■ **Material provided**:
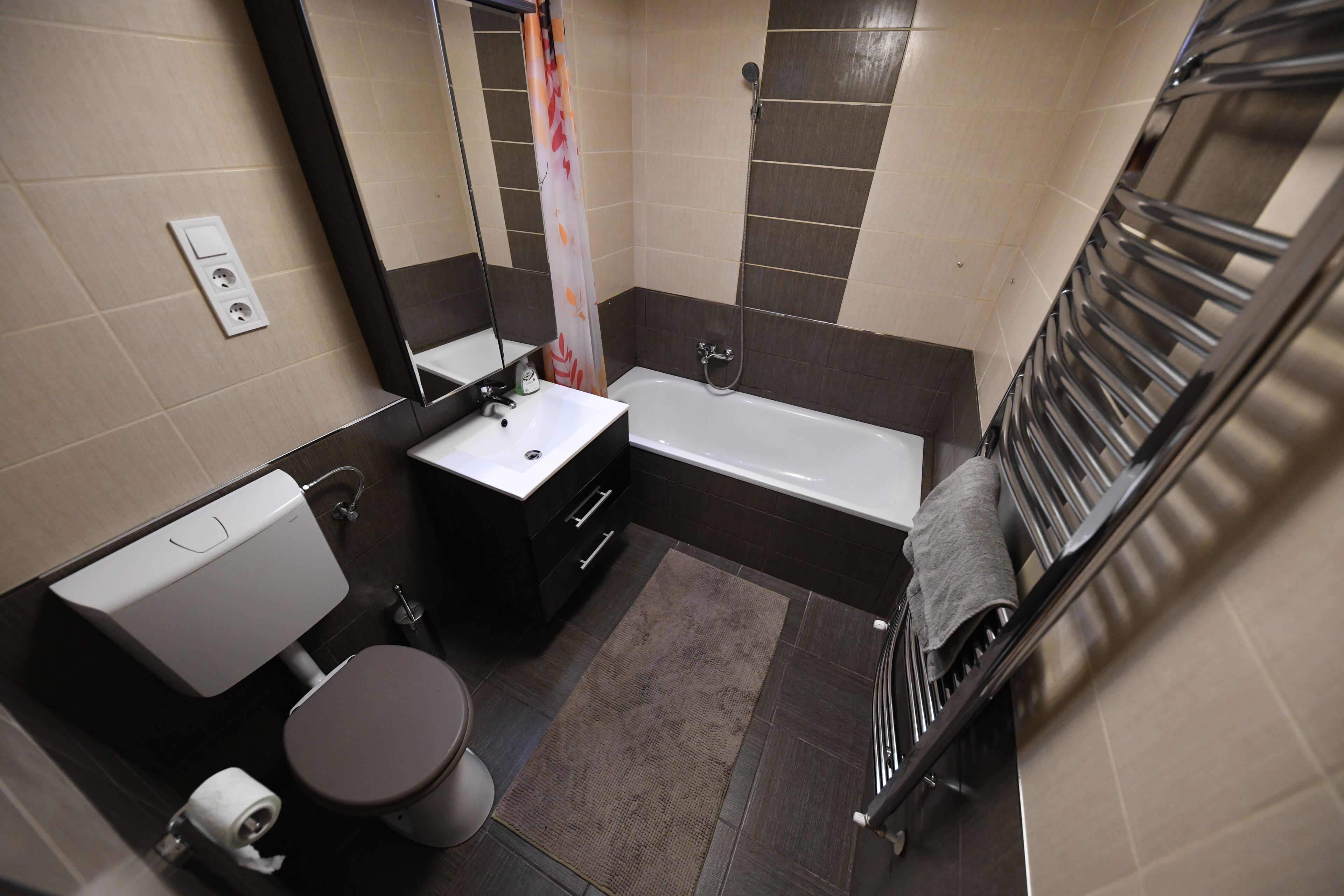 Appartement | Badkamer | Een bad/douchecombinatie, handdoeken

==

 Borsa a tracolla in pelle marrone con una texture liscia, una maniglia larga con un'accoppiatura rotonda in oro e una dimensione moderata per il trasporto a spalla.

==

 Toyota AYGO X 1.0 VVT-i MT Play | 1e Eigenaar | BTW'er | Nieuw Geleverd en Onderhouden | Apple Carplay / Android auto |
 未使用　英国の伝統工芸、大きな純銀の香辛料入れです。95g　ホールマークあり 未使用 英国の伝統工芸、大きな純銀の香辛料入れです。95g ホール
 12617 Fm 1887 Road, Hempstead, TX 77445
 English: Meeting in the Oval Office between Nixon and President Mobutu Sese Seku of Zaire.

■ **What you should do**:
Within the data above, the lines from the one with "12617 Fm 1887 Road, Hempstead, TX 77445" to the one with "English: Meeting in" must be repeated exactly; no other line belongs in the answer.

■ **Finished task**:
 12617 Fm 1887 Road, Hempstead, TX 77445
 English: Meeting in the Oval Office between Nixon and President Mobutu Sese Seku of Zaire.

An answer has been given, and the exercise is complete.